Problem requirements -
Pictures do not belong in the output. Reproduce exactly the lines from the start of the records through the line with "Menteri KKP Lepas".

Given records -
===============

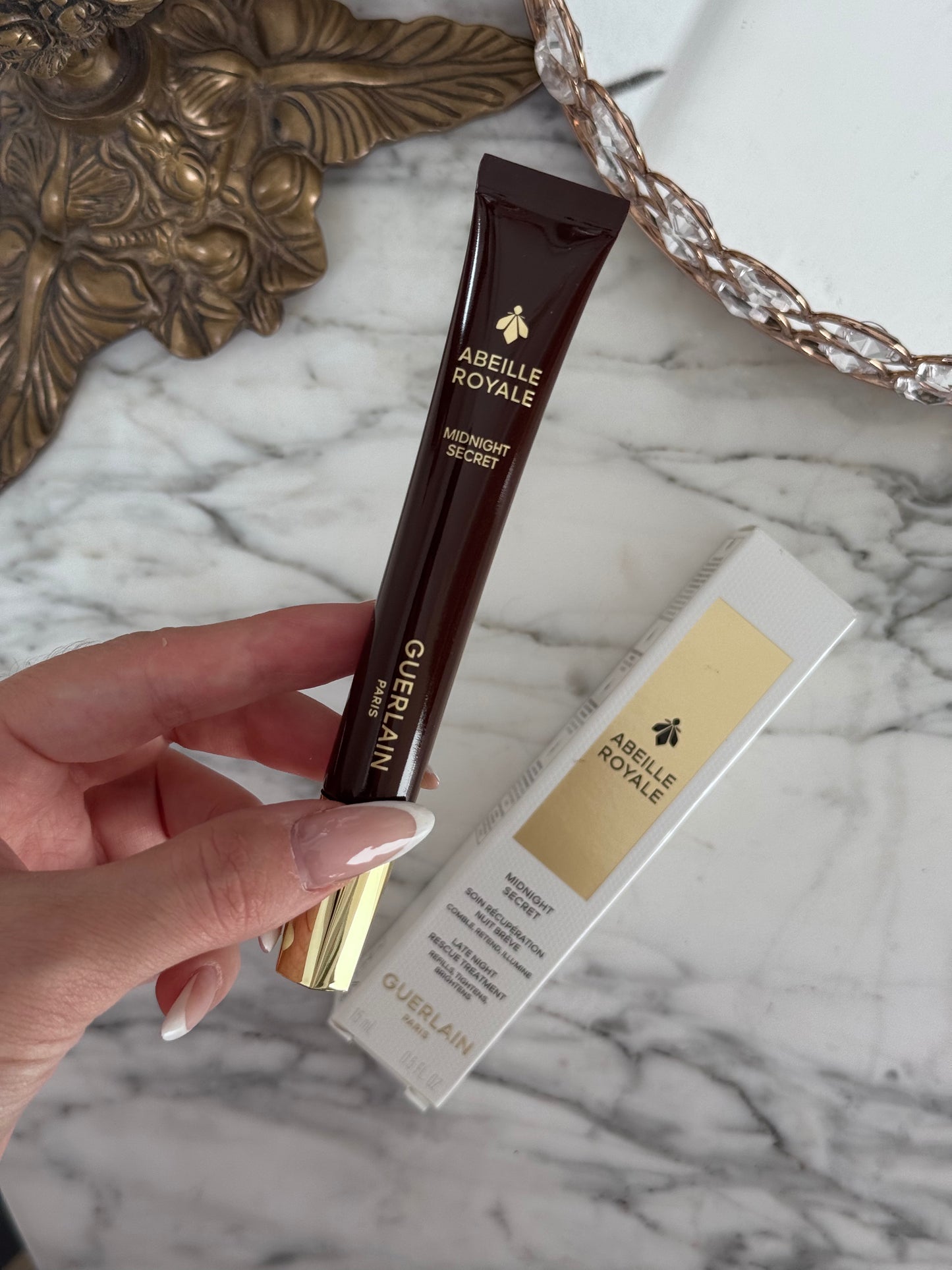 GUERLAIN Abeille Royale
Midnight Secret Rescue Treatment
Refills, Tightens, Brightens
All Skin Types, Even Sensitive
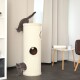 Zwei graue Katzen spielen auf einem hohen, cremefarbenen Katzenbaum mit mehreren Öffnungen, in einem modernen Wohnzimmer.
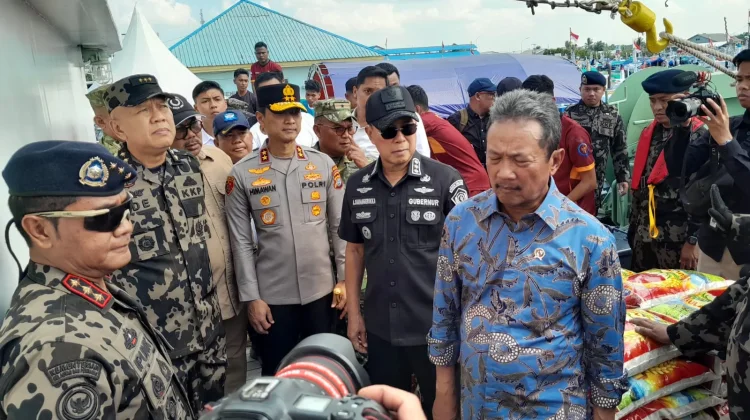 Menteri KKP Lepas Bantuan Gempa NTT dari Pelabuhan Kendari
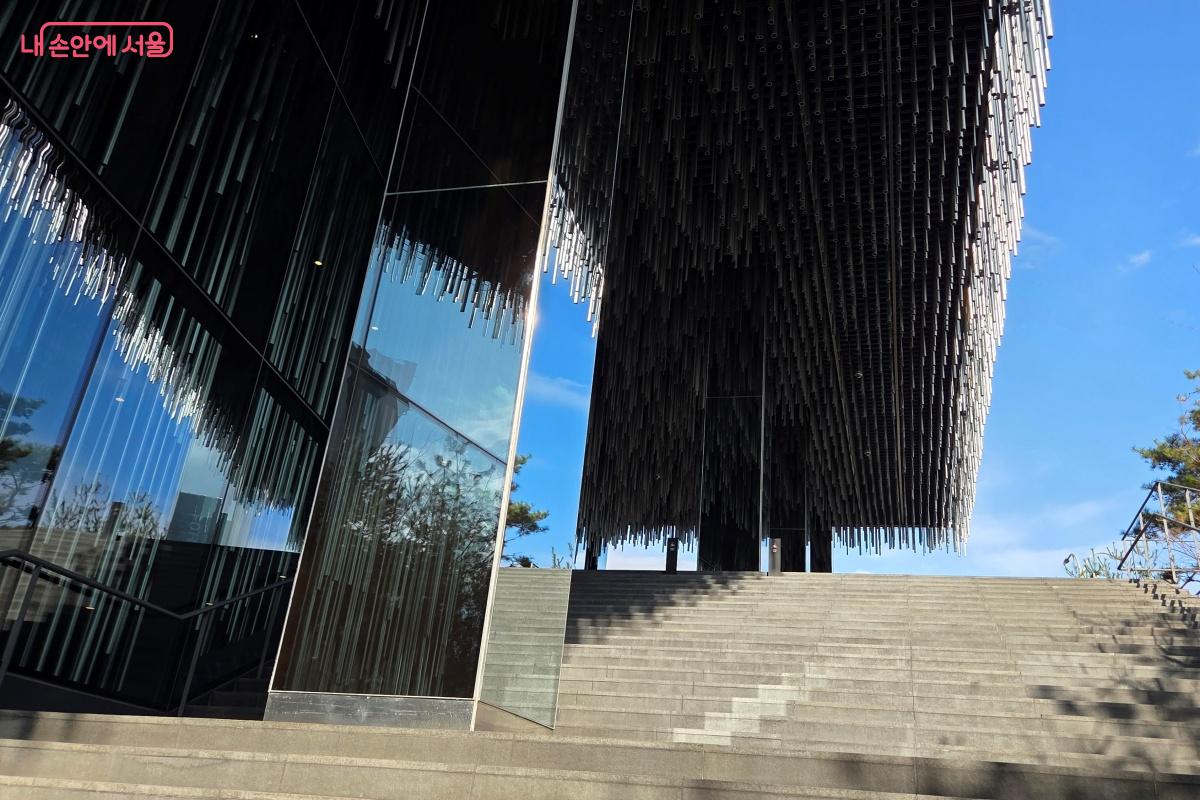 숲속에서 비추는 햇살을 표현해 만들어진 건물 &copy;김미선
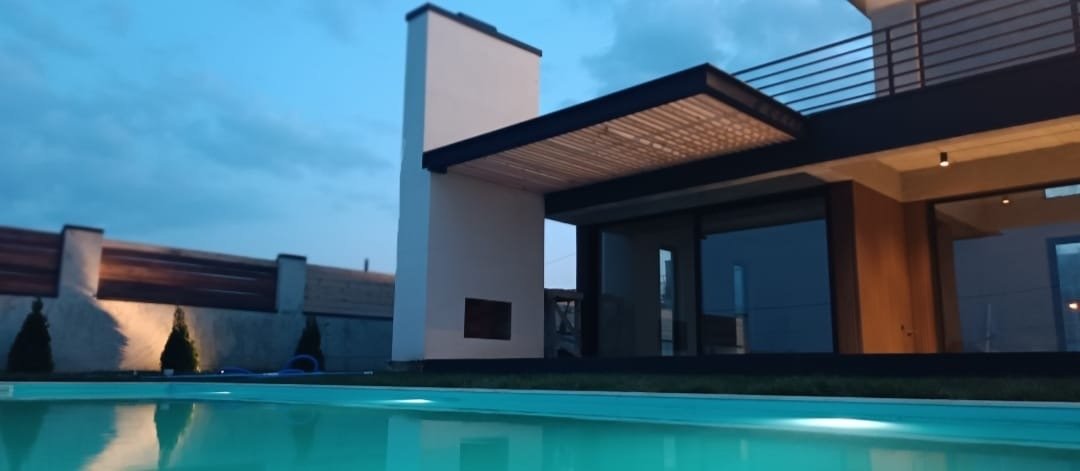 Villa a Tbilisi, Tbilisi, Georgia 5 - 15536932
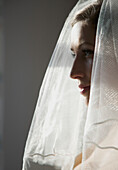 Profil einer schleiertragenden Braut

===============

Final answer -
 GUERLAIN Abeille Royale
Midnight Secret Rescue Treatment
Refills, Tightens, Brightens
All Skin Types, Even Sensitive
 Zwei graue Katzen spielen auf einem hohen, cremefarbenen Katzenbaum mit mehreren Öffnungen, in einem modernen Wohnzimmer.
 Menteri KKP Lepas Bantuan Gempa NTT dari Pelabuhan Kendari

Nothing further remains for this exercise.